Voters' opinions of their own lawmakers have sunk to a new low, a
Washington Post-ABC News poll showed Tuesday.
Fifty-one percent of those surveyed said they disapprove of the job their congressional member is doing, the first time the level has gone above 50 percent in the 25 years of Post-ABC polling on this question,
The Washington Post reports.
Only 41 percent approve, also a new low, The Post reports, dipping below the 43 percent approval mark in an October survey after the 16-day partial government shutdown.
The poll finds Democrats come out slightly ahead of the GOP in voters' views, with 49 percent holding favorable opinions of the Democratic Party and 35 percent having a favorable view of the Republicans.

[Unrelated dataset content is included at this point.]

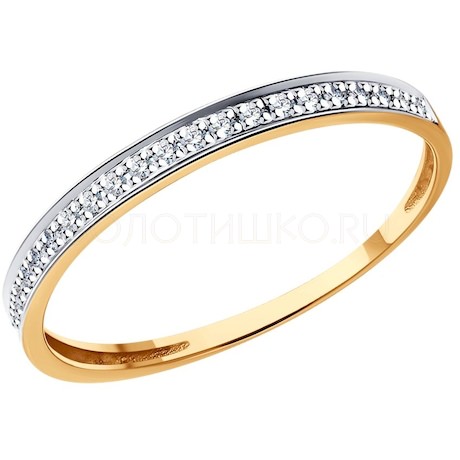 Кольцо из золота с бриллиантами 1012545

In 1998, when the public gave a 72 percent approval rating to their own member of Congress, 98 percent of incumbents won re-election, a
Vital Statistis on Congress analysis found.

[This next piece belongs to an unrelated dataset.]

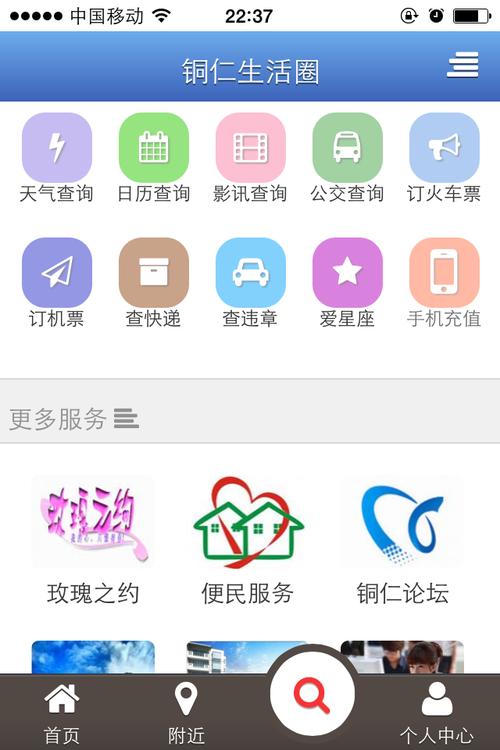 520生活圈软件下载_官方手机app下载_520生活圈电脑PC端最新版本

In 2010, an October Post-ABC poll found only 51 percent approving of their members, The Post noted; 85 percent of incumbents won re-election in November 2010.

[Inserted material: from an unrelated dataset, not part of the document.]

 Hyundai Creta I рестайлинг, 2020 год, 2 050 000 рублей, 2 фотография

The survey has a margin of error of plus or minus 3.5 percentage points.
Meanwhile, an
NBC News-Wall Street Journal survey Tuesday found that six in 10 Americans are fed up with the economy, more than 70 percent think the country is headed in the wrong direction, and nearly 80 percent are down on the country's political system.
The same poll finds President Barack Obama's overall approval rating sinking to a new low at 40 percent, and just 14 percent of the public giving Congress a thumbs-up.
"We're in the summer of our discontent," Democratic pollster Peter Hart, who conducted this survey with Republican pollster Bill McInturff, told
NBC News.
"Americans are cranky, unhappy . . . It is with everything going on the world."